● GOAL OF THE EXERCISE
Give again exactly the lines that run from the start of the records to the line holding "fishing line 150m", both ends counted. Do not include the pictures.

(Entries taken from a collection)
★ ★ ★ ★ ★

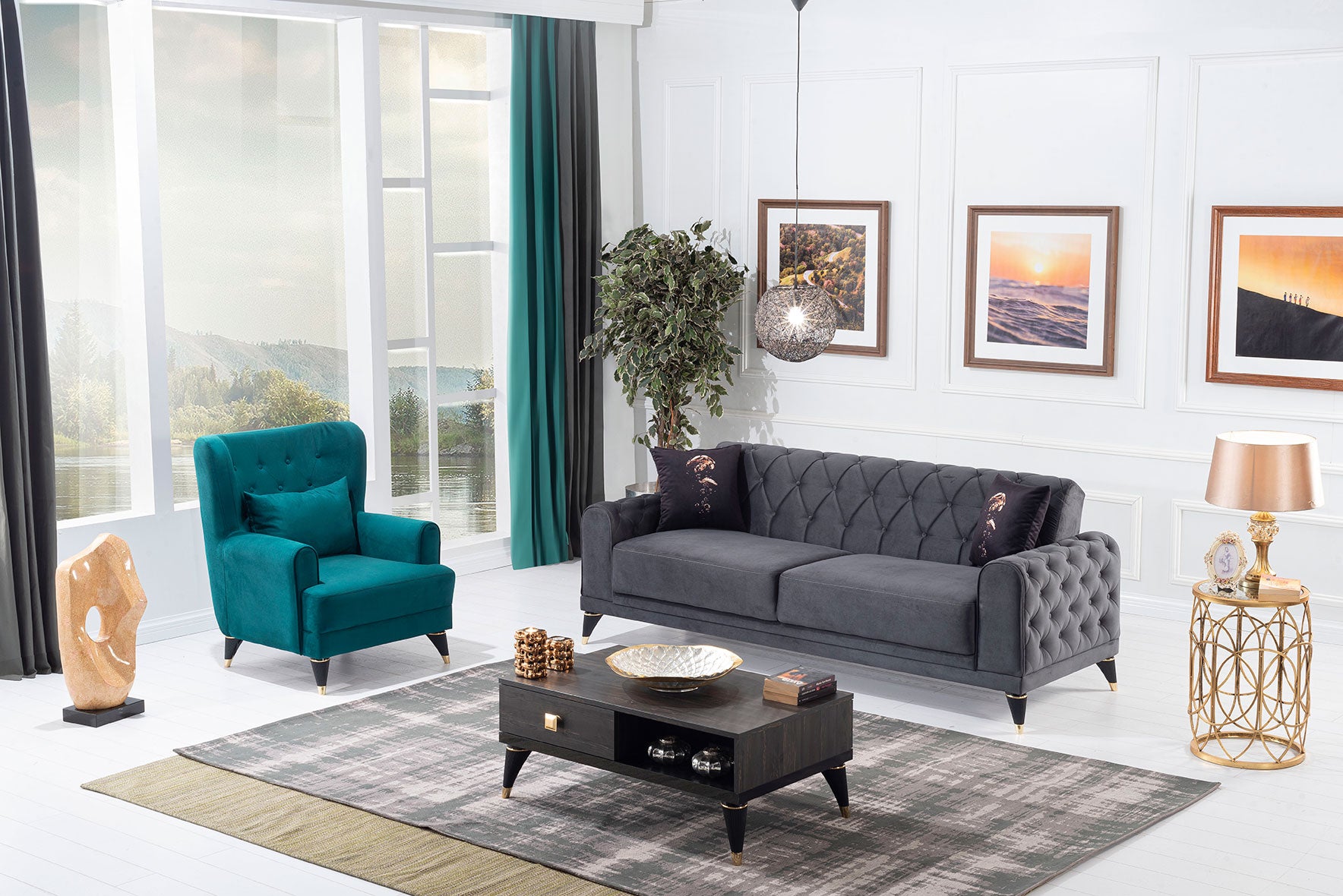 Flame Livingroom Coffee Table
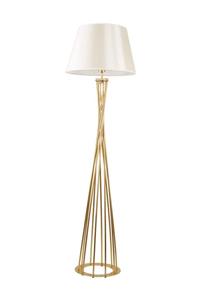 MYLİGHT S Retro Lambader Köşe Lambası Mat Gold Krem Başlık 45cm Başlık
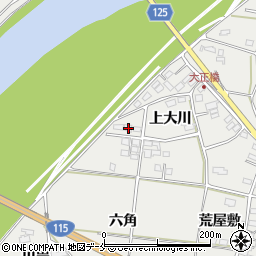 福島県伊達市伏黒上大川91周辺の地図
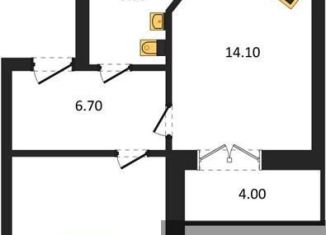 Продается 1-комнатная квартира, 45.7 м2, Воронеж, Ленинский район, улица Красных Партизан, 35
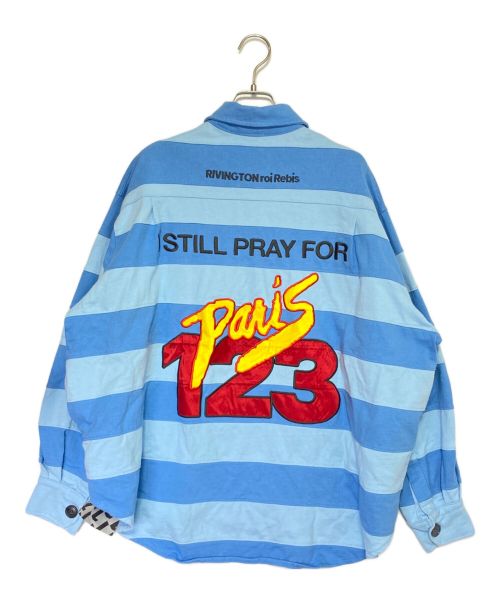 RIVINGTON roi Rebis（リヴィントンロイレヴィス）RIVINGTON roi Rebis (リヴィントンロイレヴィス) I STILL PRAY BUTTON UP ブルー サイズ:表記無しの古着・服飾アイテム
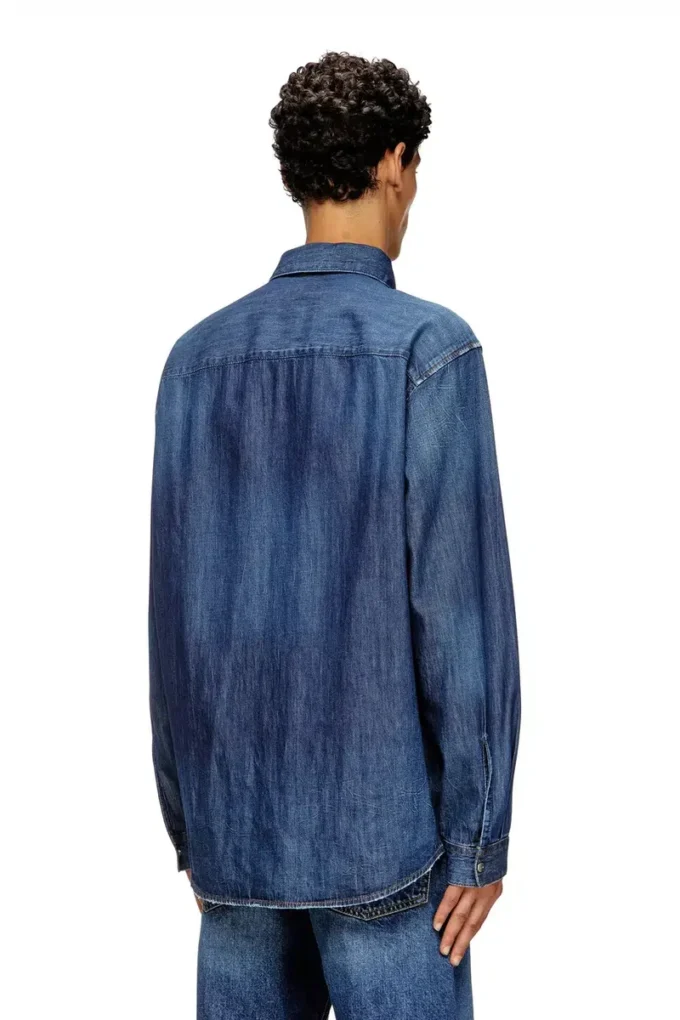 d-simply Denimskjorta med broderad logotyp d-simply Denimskjorta med broderad logotyp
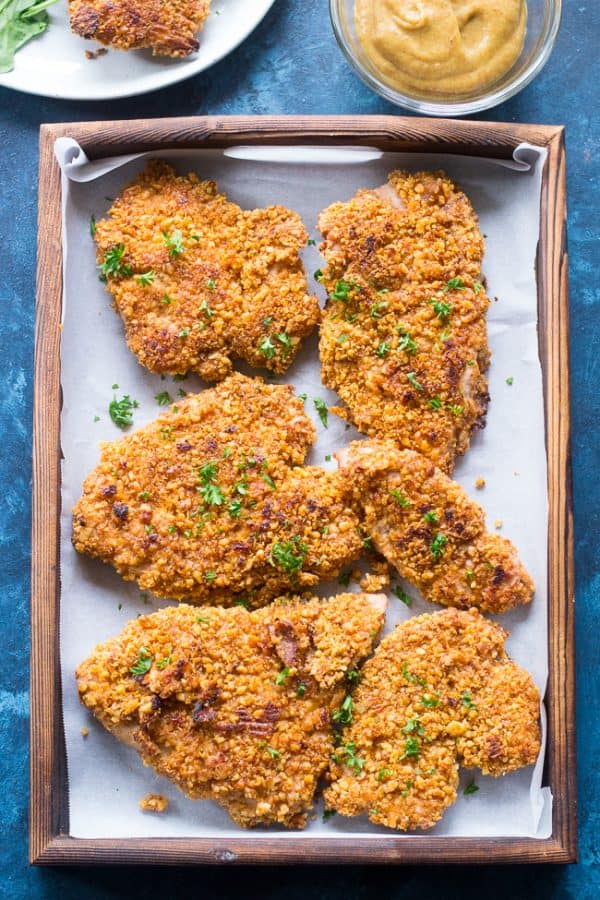 Walnut Crusted Turkey Cutlets Cutlets with 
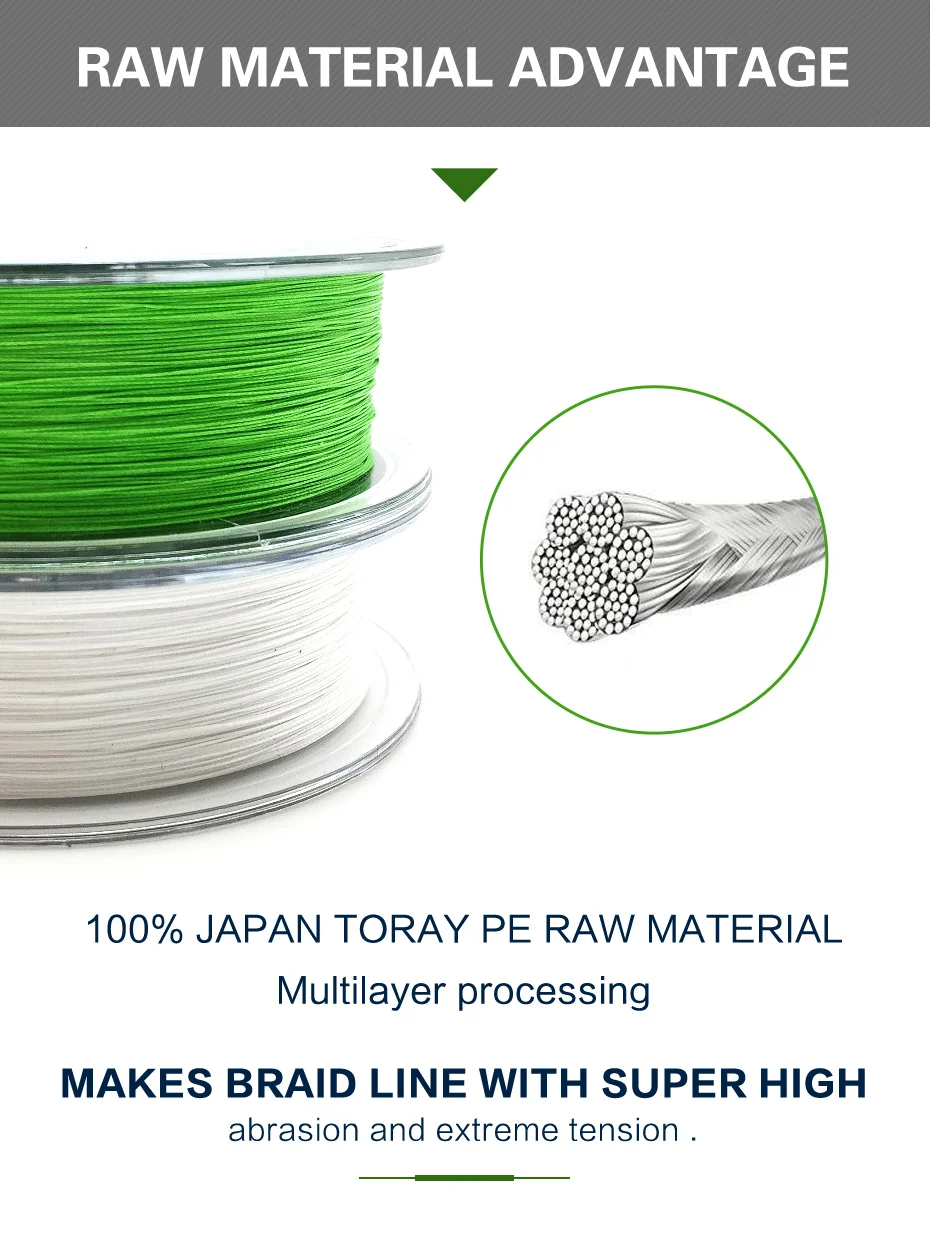 X8 Braided PE Lines at 150m Fishing Line Double Color Super Powered Braided Line PE Fishing Line X8 braided PE fishing line 150m
X8 Braided PE Lines at 150m Fishing Line Double Color Super Powered Braided Line PE Fishing Line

★ ★ ★ ★ ★

● EXERCISE SOLUTION
 Flame Livingroom Coffee Table
 MYLİGHT S Retro Lambader Köşe Lambası Mat Gold Krem Başlık 45cm Başlık
 福島県伊達市伏黒上大川91周辺の地図
 Продается 1-комнатная квартира, 45.7 м2, Воронеж, Ленинский район, улица Красных Партизан, 35
 RIVINGTON roi Rebis（リヴィントンロイレヴィス）RIVINGTON roi Rebis (リヴィントンロイレヴィス) I STILL PRAY BUTTON UP ブルー サイズ:表記無しの古着・服飾アイテム
 d-simply Denimskjorta med broderad logotyp d-simply Denimskjorta med broderad logotyp
 Walnut Crusted Turkey Cutlets Cutlets with 
 X8 Braided PE Lines at 150m Fishing Line Double Color Super Powered Braided Line PE Fishing Line X8 braided PE fishing line 150m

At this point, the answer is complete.